Keyboard shortcuts

Press or to navigate between chapters

Press S or / to search in the book

Press ? to show this help

Press Esc to hide this help

Quality control report

Rastair comes with a helper script, written in R, which generates a comprehense QC report for your library.

Info

If not using the docker image: The QC tool requires a working installation of R with RMarkdown, data.table, ggplot2 and argparser libraries. You can install all of them at once with

install.packages(c("argparser", "data.table", "ggplot2", "rmarkdown"))

For V-bias and GC-bias plots, it also requires Rsamtools from Bioconductor. This can be installed with

if (!require("BiocManager", quietly = TRUE))
  install.packages("BiocManager")

BiocManager::install("Rsamtools")

It also requires pandoc for rendering and bcftools for GC and CpG bias plots.

Generating QC reports

The qc report can be generated directly from a bam file, or from pre-generated per-read and per-position bed files:

mkdir -p test_qc
rastair mbias --output-prefix test_qc --bam test.bam

This will produce a file called qc_report.html in the test_qc directory.

You can selectively disable the V-bias and GC/CpG bias plots to speed up processing and/or reduce dependencies:

mkdir -p test_qc
rastair mbias --output-prefix test_qc --no-vbias --no-gc --bam test.bam

Elements of the QC report

Conversion of methyl-C to T should be independent of where in a sequencing read the methylation ocurred. However, in reality, a number of experimental procedures can affect the evenness of conversion. For example, sonication or enzymatic digestion of genomic DNA can produce single-stranded ends. When these are repaired for A-tailing, the newly synthesized parts will be unmethylated.
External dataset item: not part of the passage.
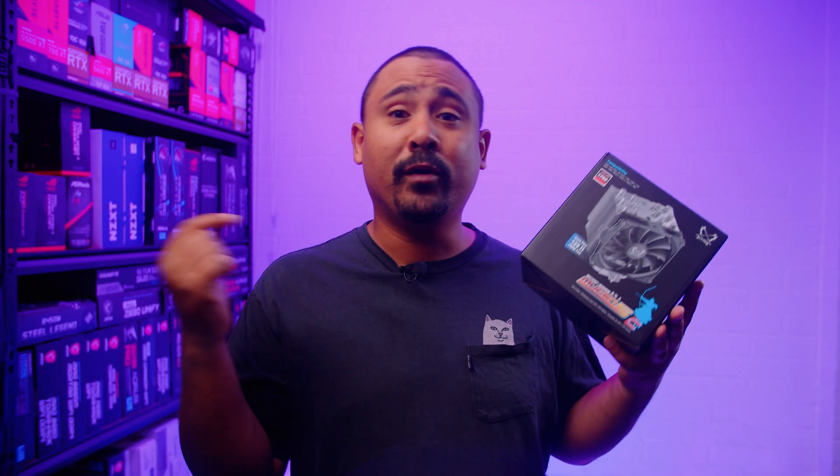Hey Gear Seekers, I'm Nick. We quite often use Scythe coolers in our air cooler builds because they're some of the easiest coolers to install and they also pack some really decent performance. We get asked quite a bit about them, so in this video I wanted to show you how to install the brand new Scythe Mugen 5 Revision C on both Intel and AMD based desktop motherboards. Let's take a look.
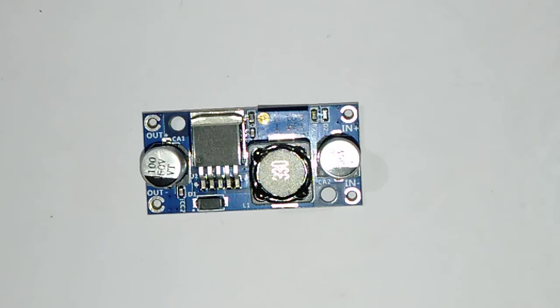Hello everyone. Recently I received a package of XL6009 boost converter modules from a local electronic seller, and we are going to take a look into the XL6009. So let's get started.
To identify any potential issues in your data, we are providing two types of plots to investigate the evenness of methylation:

M-bias

The classic "methylation bias" (aka M-bias) plot shows the average methylation per position in a read:

Example M-bias plot

Info

Unlike other tools, we consistently use 5'→3' orientation per read, not per reference!

We distinguish between OT and OB fragments, and show average methylation for R1 and R2 reads separately. This is an example of an enzymatically fully methylated piece of DNA that we use as a control, so methylation is nearly 100% across most reads. However, you can see that the ends of R2 of OB fragments seem to have lost methylation information. This could be corrected with the --nOT and --nOB arguments to rastair call.

To facilitate choosing the right cutoff parameters, we also generate a text file for each processed chromosome that contain the estimated optimal --nOT and --nOB settings, respectively.

In this example, the script produced this:

cat bacteriophage_lambda_CpG_cutoffs.txt
0,0,0,2
0,0,0,5

In other word, it suggested we set --nOT 0,0,0,2 and --nOB 0,0,0,5, ie remove the last 2 and 5 bases of R2 in OT and OB, respectively.

V-bias

In some cases, for example when DNA is enzymatically digested in vivo or in vitro, there might be a wide range of fragment sizes. We have observed in some instances that fragment size has an impact on methylation bias per read position. To visualise this, we provide what we call a "V-bias" plot:

Example V-bias plot

Here, colour denotes methylation, while the y-axis reflects the length of the original fragment, assuming paired-end sequencing.

GC/CpG bias

We also provide some plots to visualise the relationship between local GC content and CpG density per read vs methylation and coverage:

Example GC-bias plot

Here, you can see whether highly/lowly methylated reads fall into high/low GC-content regions.

Another occasional issue is coverage differences depending on CpG density of the read:

Example CpG-bias plot

Here, you can see that there's a slight negative correlation for 100bp regions with many CpGs to have lower coverage.